[MDEV-17685] LOAD DATA LOCAL INFILE does not respect column character set Created: 2018-11-12  Updated: 2018-11-14  Resolved: 2018-11-14

Status: Closed
Project: MariaDB Server
Component/s: Character Sets
Affects Version/s: 10.3.10
Fix Version/s: N/A

Type: Bug Priority: Major
Reporter: Remy Fox Assignee: Unassigned
Resolution: Not a Bug Votes: 0
Labels: None
Environment:

Windows



 Description   

Execute the following statements. Make sure to have a file ready at <file path> containing the string '"Réunion"'.

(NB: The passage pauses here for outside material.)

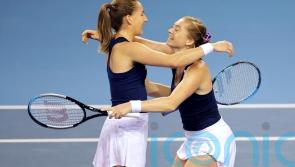 Britain beaten by Kazakhstan but doubles win keeps BJK Cup hopes alive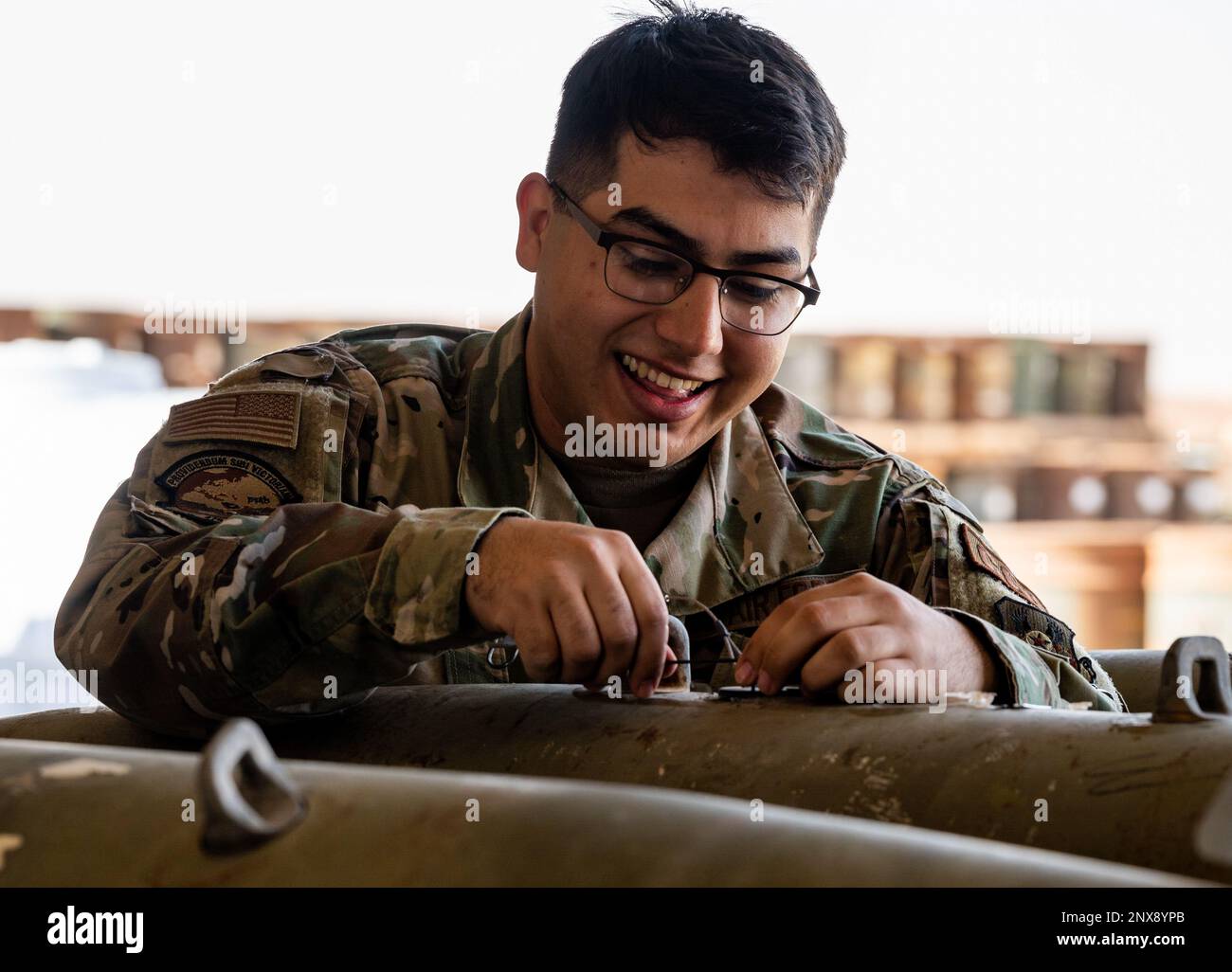 U.S. Air Force Senior Airman Johnny Barreto, assigned to the 378th Expeditionary Contracting Squadron, disassembles a GBU-12 Paveway II bomb at Prince Sultan Air Base, Saudi Arabia, Feb. 15, 2023. The GBU-12 is an American aerial laser-guided bomb, with a nose-mounted laser seeker and fins for guidance. Stock Photo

  • CREATE TABLE test.test_table (test_column VARCHAR(190) COLLATE utf8mb4_unicode_ci NOT NULL)
  • INSERT INTO test.test_table (test_column) VALUES ('Réunion')
  • LOAD DATA LOCAL INFILE '<file path>'
    INTO TABLE test.test_table
    FIELDS ESCAPED BY '
    '
    TERMINATED BY ','
    ENCLOSED BY '"'
    LINES TERMINATED BY '\n'
    (test_column)

You will find that only the first of these two insertions will correctly insert the value. The LOAD DATA LOCAL INFILE statement will not respect the column's character set. It produces something like Réunion. In fact, even if you execute 'SET NAMES utf8mb4 COLLATE utf8mb4_unicode_ci', it will not respect the character set. Adding the line 'CHARACTER SET utf8mb4' to the LOAD DATA LOCAL INFILE won't help either.

This causes two problems:

  • Obviously, the inserted data will be corrupted
  • Secondly, uniqueness constraint checks might fail because whatever collation is used by the LOAD DATA INFILE process might not recognize that two values are different according to the column's collation.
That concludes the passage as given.